Carter, you know doubt recall, was a completely out-of-nowhere pick by the Rangers this past summer, a 17 year old outfielder from Elizabethton, Tennessee, who most folks who follow amateur ball closely hadn’t even heard of. There was much mockery of the pick, with a lot of fans assuming that the Rangers were having money problems and were taking guys who would sign for peanuts in order to save money (that wasn’t the case — the Rangers used their entire draft bonus pool). The organization expressed confidence in the selection after the fact, saying they felt this is someone who would have been on everyone’s board had COVID not canceled the 2020 high school seasons, and that they felt this is someone they were simply ahead of the curve on.

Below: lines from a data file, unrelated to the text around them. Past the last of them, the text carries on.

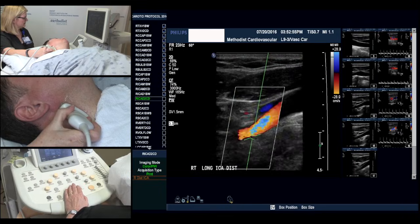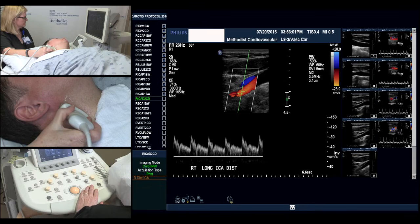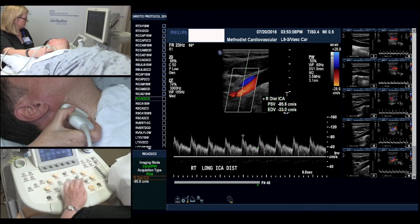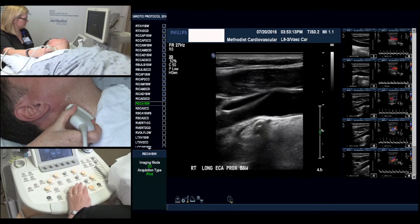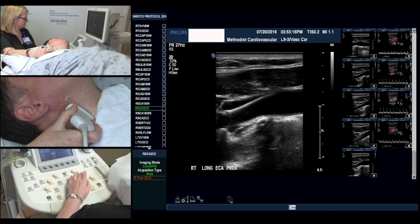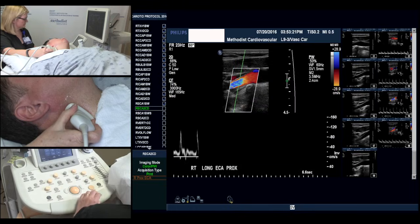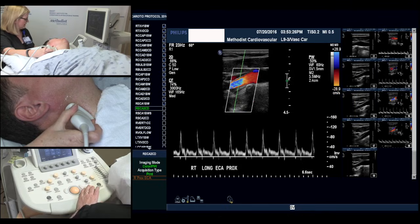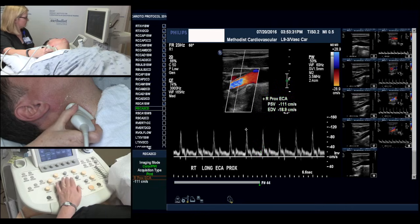Adjusting our color box size and position. And from here we go into the external by slightly pushing forward on the probe. Here we have a high resistance signal in our external carotid, which is normal.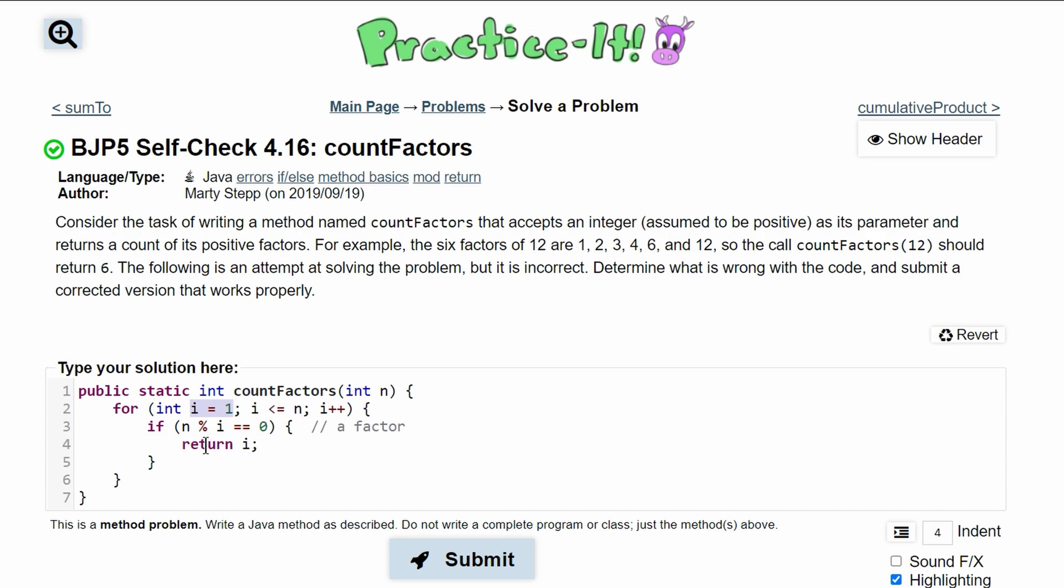Now, if the modulus of i is equal to 0, that means it is a factor of our parameter's number. Like if we have 1, it is a factor of 12. If we have 2, it's also a factor of 12. 3 is a factor of 12. So is 4 and 6 and 12. That means they have no remainder. So if this is equal to 0, we need to increment our count by 1.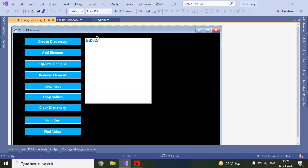Today we are going to use this application. We will see how to create a dictionary, how to add elements, update an element, remove an element, loop the keys and values, how to clear the complete dictionary, and how to find a key or a value in a dictionary. We will create a dictionary and display the data in the list box, and while writing the code we will see all the characteristics of the dictionary.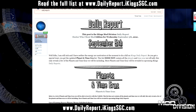If you want the full list, go to www.dailyreport.ikingssgc.com and look for the September 5th post, or click the link in the description box, or go to www.doctorwho.ikingssgc.com, click on the main features section, and click on planets to see the full list. This was a horrible video to get through and I'm still not feeling good — I'm surprised I lasted this long. See you whenever I post the next video.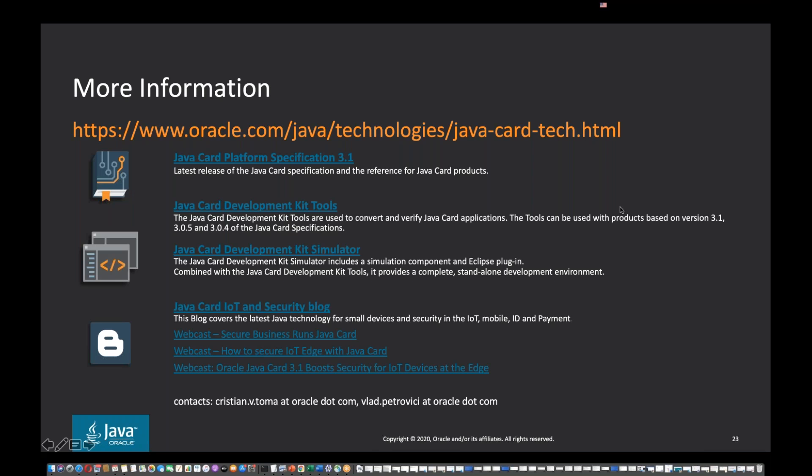Any other questions? Okay. So looks everything has been clear and very interesting presentation. Thank you, Christian and Vlad. I remind you that you will receive the slides tomorrow and you will be able to see the replay. And I thank you for your attendance and please all have a great evening or great day and keep safe. Bye for now. Thank you. Bye.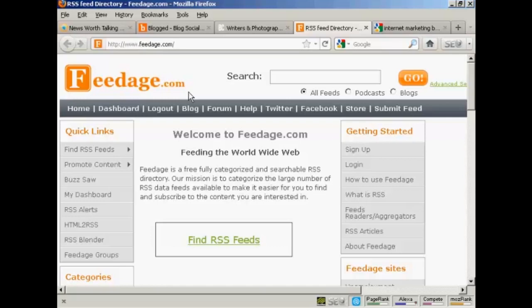And once you've submitted your feed into this site, they will keep track of all the posts that you put onto your blog because it will go into your RSS feed, and they will be published on this site with a link back to your website. And so when Google crawls this site, they will also get your link, and their spiders will then spider your website in the process.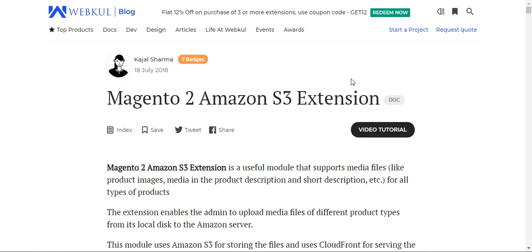Hello and welcome to this new video tutorial of the Amazon S3 extension for the Magento 2 platform-based webstores. This particular plugin is a very useful plugin that supports media types like product images, media in the product description and the short description, etc., for all types of products.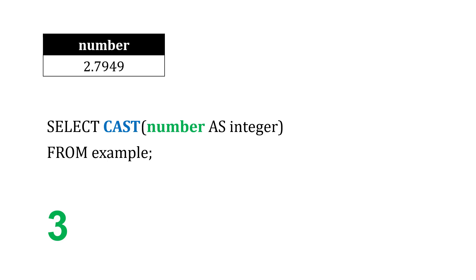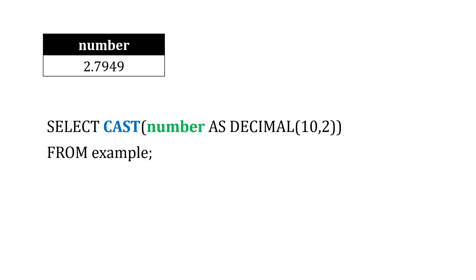So we're taking this number, converting it as an integer. Now I'm changing this a little bit, so I'm casting this number, or converting it from its existing type to a decimal. Now it's showing as a decimal right now, but what I'm saying is only allow two spaces, that's the second digit there, after the decimal. So this will convert this to 2.79.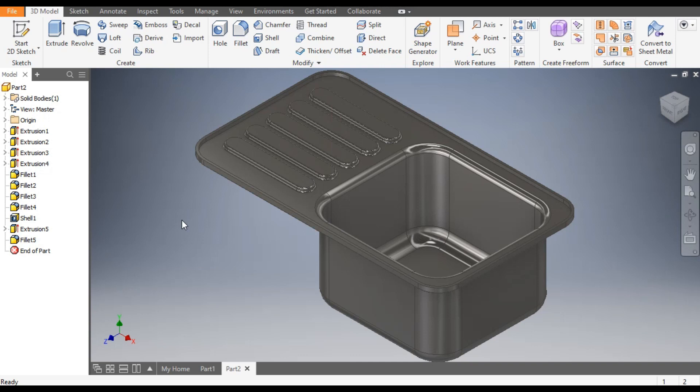So this was the basic tutorial on how to construct a 3D model of a kitchen sink in Autodesk Inventor. I hope you liked the video. If you did, please hit Like and subscribe to the channel for more such videos. Thank you!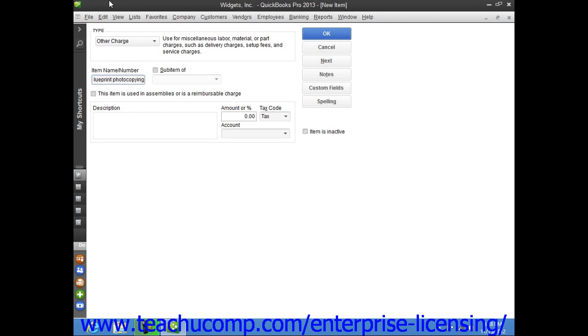If this charge is to be a sub-item of another charge, check the sub-item of checkbox and select the main charge item underneath which the current item should be categorized from the adjacent drop-down menu. Then enter a description of the charge to display in invoices and sales receipts into the description field.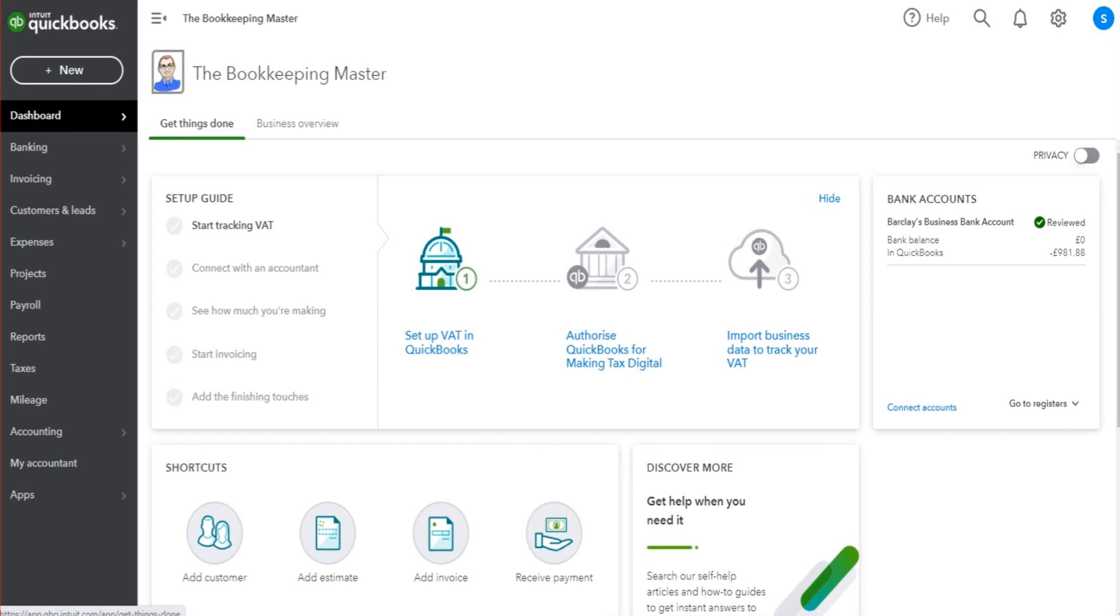Hello there, this is the Bookkeeper Master on YouTube. Welcome to another QuickBooks Online training video. In this video, I'm going to show you how to use tags on QuickBooks Online: the basics of tags, what they are, and how to use them.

That explanation was, of course, sneered at by many, with there being scoffing that the team was being too cute and should just take the top guy on the consensus boards, rather than reaching for someone nobody had heard of. The fact that the Kansas City Royals were reportedly prepared to take Carter in the third round (and the Royals’ third round pick was ahead of the Rangers’ pick, meaning that Texas couldn’t expect him to be available in the third round) didn’t change many minds on the issue.
Carter was part of the Rangers’ Instructional League team, and despite being one of the youngest players in Arizona at Instructs, word is he turned a lot of heads around baseball with his performance at the plate. BP specifically says he “absolutely destroyed the ball against a higher level of arm” than usually is at Instructs, in noting that he could be “on the national scene as soon as next season.”
Baseball Prospectus also had four Rangers on their top 101 list, for what it is worth, and the note on Carter is eye-opening, but as we all know, he’s going to have to show that he can do it once the 2021 season starts. That being said, it is sounding more and more like Carter may start the year in full season ball, rather than playing in the complex league...and if Carter performs in A ball as an 18 year old, the questions about taking him in the second round are going to end up being moot.